## Work request
Your answer must be an exact copy of the data, without any pictures.

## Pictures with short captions
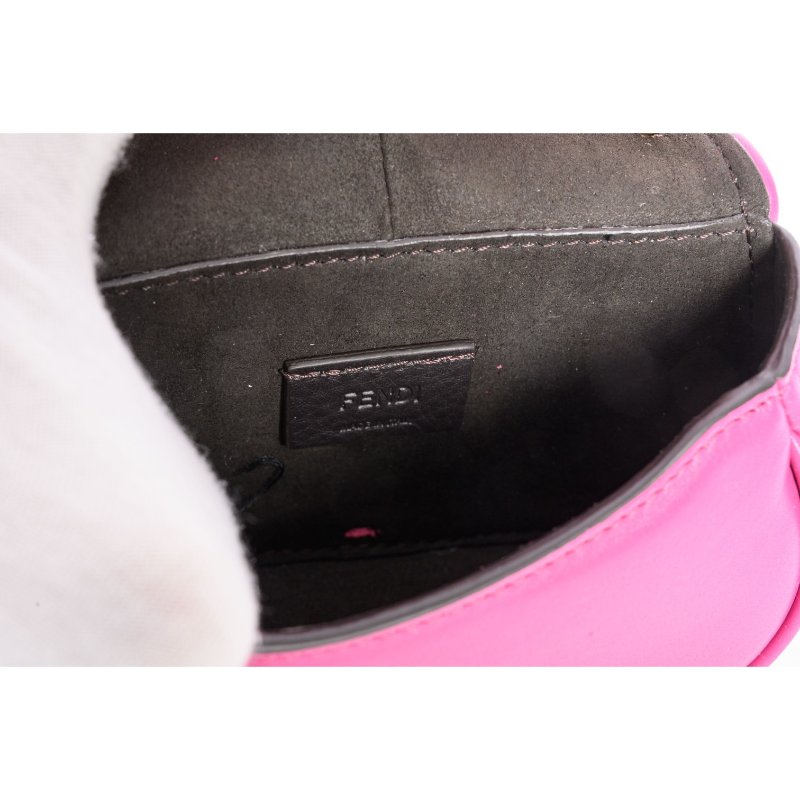 FENDI 芬迪 C’mon Nano 皮革手袋-4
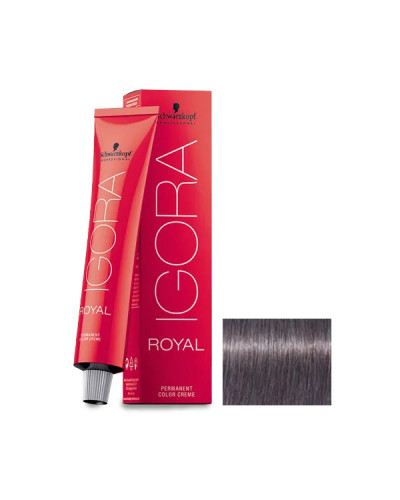 Igora Royal N° 8.19 Schwarzkopf 60ml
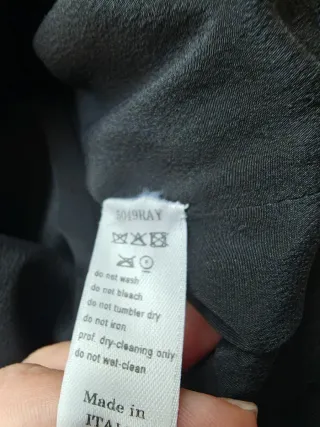 Abito Carolina Herrera nero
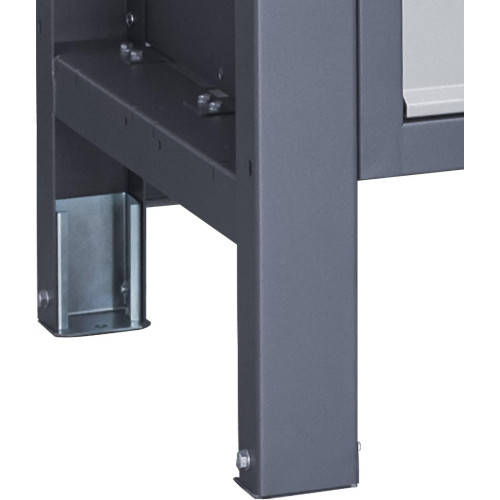 Верстак тяжелой серии 150 2М2С/С2Пу О(2,0)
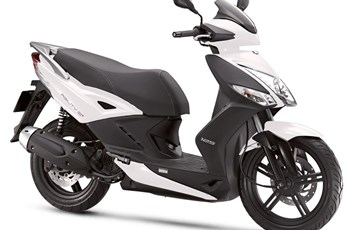 Kymco Agility 16 Plus 125i CBS 2015 - Bild 2 Kymco Agility 16 Plus 125i CBS 2015 - Bild 2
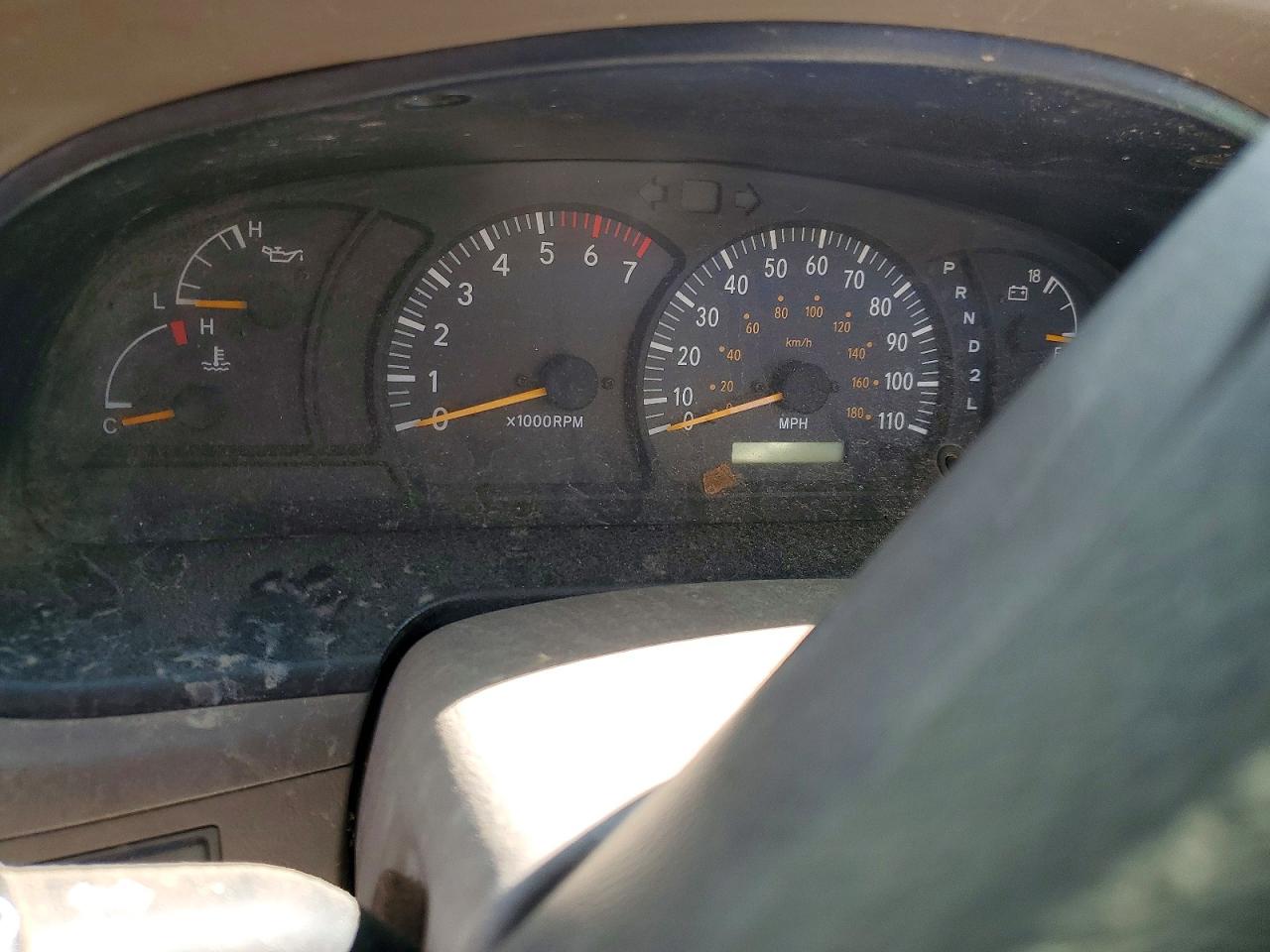 2003 TOYOTA TUNDRA SR5 photo 17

## Answer below
 FENDI 芬迪 C’mon Nano 皮革手袋-4
 Igora Royal N° 8.19 Schwarzkopf 60ml
 Abito Carolina Herrera nero
 Верстак тяжелой серии 150 2М2С/С2Пу О(2,0)
 Kymco Agility 16 Plus 125i CBS 2015 - Bild 2 Kymco Agility 16 Plus 125i CBS 2015 - Bild 2
 2003 TOYOTA TUNDRA SR5 photo 17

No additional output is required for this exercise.